Thursday, December 13, 2018

An Unfortunate Master Class in Poor Plotting

I hope my admiration for Pacific Biosciences intellectual acumen was clear in my post on the acquisition by Illumina, because now I'm going to be a rabid crab over a webinar they aired yesterday.  I take telling scientific stories seriously and an important part of telling such stories is displaying data well.  I'm a perfectionist in this department by intention, but not always by execution -- I'm constantly reanalyzing my plots and diagrams for errors and cringing when I find them.  The webinar is trying to extol the value of the latest developments in the SMRT platform, but the data graphs often actively fight against any understanding or excitement.
There's a running problem with the plots: if you display adjacent plots  with the same type of data from two different datasets, then except if you have a damn good reason the axes must be scaled the same! If you are plotting them adjacently, then you probably want me to compare the two plots.  I might even want to compared the data even if you didn't intend it -- if you put plots next to each other you're inviting comparison.

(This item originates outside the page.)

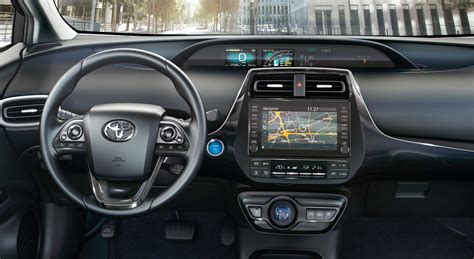 2019 Toyota Prius Plug-in gets new five-seat interior | Leasing Options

Here's an example of a good side-by-side plot from the webinar.

Two different human libraries run on the 8M SMRT cells.  X-axis and Y-axis scaled identically so we can easily compare the two libraries and see they are largely the same, though with a bit of quirk in the middle.
Now let's get to the rogues' gallery. Here's a three graph comparison of libraries from different organisms run on the 8M SMRT cells.  The X-axes are the same -- but note that the Y's aren't remotely so -- maxing out at 1.75M for E.coli, 3.5M for B.subtilis and 2M for O.sativa. So if you want to compare the distributions, have fun rescaling everything!
But maybe you don't really care; the exact shapes of the distributions say something about the different DNA preps.  But how about trying to see the difference between 10 hour and 20 hour movies as with this slide?  This time the Y-axis is held constant, but the X axis ends at 140K for 10 hours and at 250K for 20 hours.  The audio commentary makes it clear that what you're supposed to take away is that it isn't worth running a library with this distribution for the longer movie -- but with the bad scaling it's really difficult to see what is gained by the longer instrument time.

Okay, enough of these plots of total data versus read length.  How about some plots of the read length distribution intended to show the advantage of using a single cell of the new chemistry rather than four cells of the old chemistry.  This time the X-axis is correctly fixed but the Y max varies.  Actually, for this plot I'd really rather have just curves rather than bars, as that would make it even easier to compare the curves -- well, if they can be clearly distinguished.  Since I have a very idiosyncratic color sensitivity I often struggle here, but with marker shapes one can make things clear.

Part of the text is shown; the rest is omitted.